In Wikipedya Scott-open set is defined as follows: Def. A subset $O$ of a partially ordered set $P$ is called Scott-open if
- It is an up set.
- All directed sets $D$ with supremum in $O$ have non-empty intersection with $O$.
Now consider a topological space $X$ with set of opens $\mathcal{O}X$ partially ordered by $\subseteq $. Martin Escardo and Reinhold Heckmann in their paper Topologies on spaces of continuous functions for case of a $\mathcal{O}X$ define Scott-open as follows: An upset $O\subseteq \mathcal{O}X$ is called Scott-open if every open cover of a member of $O$ has finite subcover of a member of $O$.
They then state that for any subset $Q$ of $X$, the set $\mathcal{V}_Q=\{V\in\mathcal{O}X| ~Q\subseteq V\}$ the set $\mathcal{V}_Q$ Scott-open iff $Q$ is compact.
Are those the same definitions? I can not see why it is if it is so. How we can get the same result with Wiki definition?
I figured out the answer and forgot to write here. Really it turned out very easy.

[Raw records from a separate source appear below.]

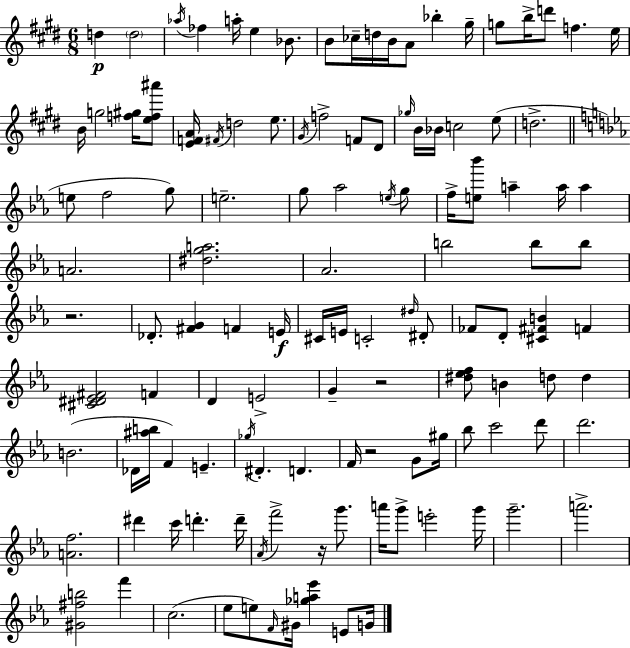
{
  \clef treble
  \numericTimeSignature
  \time 6/8
  \key e \major
  d''4\p \parenthesize d''2 | \acciaccatura { aes''16 } fes''4 a''16-. e''4 bes'8. | b'8 ces''16-- d''16 b'16 a'8 bes''4-. | gis''16-- g''8 b''16-> d'''8 f''4. | \break e''16 b'16 g''2 <f'' gis''>16 <e'' f'' ais'''>8 | <e' f' a'>16 \acciaccatura { fis'16 } d''2 e''8. | \acciaccatura { gis'16 } f''2-> f'8 | dis'8 \grace { ges''16 } b'16 bes'16 c''2 | \break e''8( d''2.-> | \bar "||" \break \key c \minor e''8 f''2 g''8) | e''2.-- | g''8 aes''2 \acciaccatura { e''16 } g''8 | f''16-> <e'' bes'''>8 a''4-- a''16 a''4 | \break a'2. | <dis'' g'' a''>2. | aes'2. | b''2 b''8 b''8 | \break r2. | des'8.-. <fis' g'>4 f'4 | e'16\f cis'16 e'16 c'2-. \grace { dis''16 } | dis'8-. fes'8 d'8-. <cis' fis' b'>4 f'4 | \break <cis' dis' ees' fis'>2 f'4 | d'4 e'2-> | g'4-- r2 | <dis'' ees'' f''>8 b'4 d''8 d''4 | \break b'2.( | des'16 <ais'' b''>16 f'4) e'4.-- | \acciaccatura { ges''16 } dis'4.-. d'4. | f'16 r2 | \break g'8 gis''16 bes''8 c'''2 | d'''8 d'''2. | <a' f''>2. | dis'''4 c'''16 d'''4.-. | \break d'''16-- \acciaccatura { aes'16 } f'''2-> | r16 g'''8. a'''16 g'''8-> e'''2-. | g'''16 g'''2.-- | a'''2.-> | \break <gis' fis'' b''>2 | f'''4 c''2.( | ees''8 e''8) \grace { f'16 } gis'16 <ges'' a'' ees'''>4 | e'8 g'16 \bar "|."
}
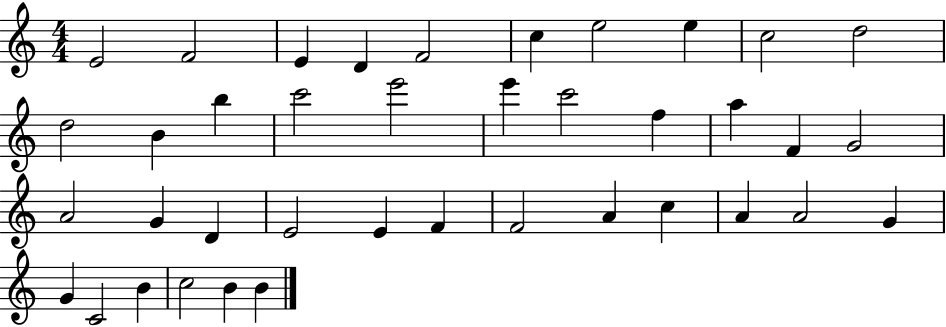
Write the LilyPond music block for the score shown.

{
  \clef treble
  \numericTimeSignature
  \time 4/4
  \key c \major
  e'2 f'2 | e'4 d'4 f'2 | c''4 e''2 e''4 | c''2 d''2 | \break d''2 b'4 b''4 | c'''2 e'''2 | e'''4 c'''2 f''4 | a''4 f'4 g'2 | \break a'2 g'4 d'4 | e'2 e'4 f'4 | f'2 a'4 c''4 | a'4 a'2 g'4 | \break g'4 c'2 b'4 | c''2 b'4 b'4 | \bar "|."
}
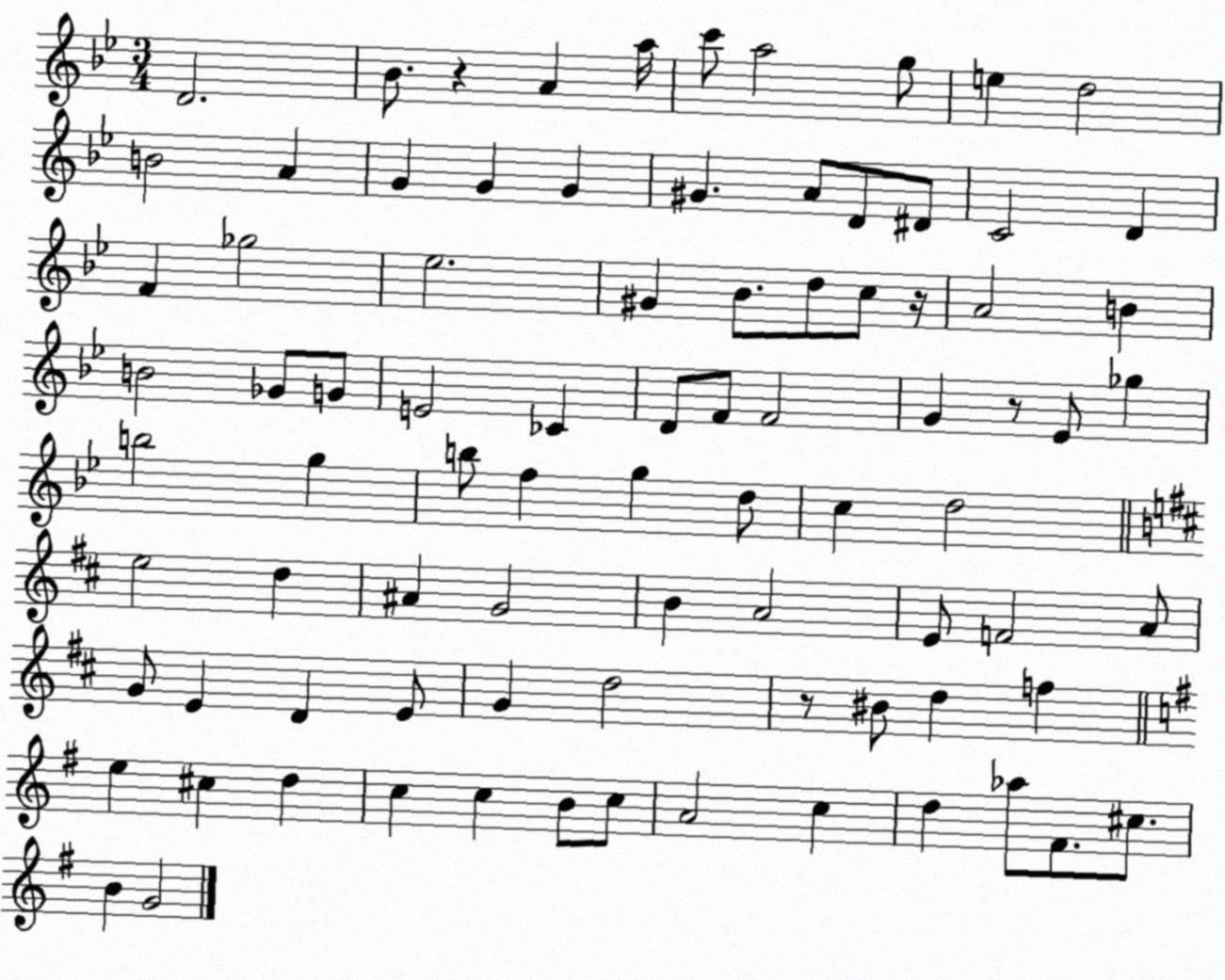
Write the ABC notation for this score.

X:1
T:Untitled
M:3/4
L:1/4
K:Bb
D2 _B/2 z A a/4 c'/2 a2 g/2 e d2 B2 A G G G ^G A/2 D/2 ^D/2 C2 D F _g2 _e2 ^G _B/2 d/2 c/2 z/4 A2 B B2 _G/2 G/2 E2 _C D/2 F/2 F2 G z/2 _E/2 _g b2 g b/2 f g d/2 c d2 e2 d ^A G2 B A2 E/2 F2 A/2 G/2 E D E/2 G d2 z/2 ^B/2 d f e ^c d c c B/2 c/2 A2 c d _a/2 ^F/2 ^c/2 B G2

Our Poset is $(\mathcal{O}X, \subseteq)$
$\Rightarrow $
Suppose $O$ is an up-set and all directed sets $D$ with supremum in $O$ have non-empty intersection with $O$. Then $O$ is still an upset; For every open cover add finite unions to the cover, the supremum, i.e. covered set a member of $O$ remains the same, and by assumption there is a member of a new cover, that is finite union of old members which is in $O$.
$\Leftarrow$
Suppose an upset $O\subseteq \mathcal{O}X$ is called such that every open cover of a member of $O$ has finite subcover of a member of $O$. Then we do the same trick, we add finite unions of members to the covers, the covers remin the same and since our new covers are directed, consist of finite unions of old members and all directed families are the mentioned form. By assumption we get that the directed families with supremum in $O$ have nonempty intersection with $O$.
That way the definitions are equivalent in the case of poset of opens.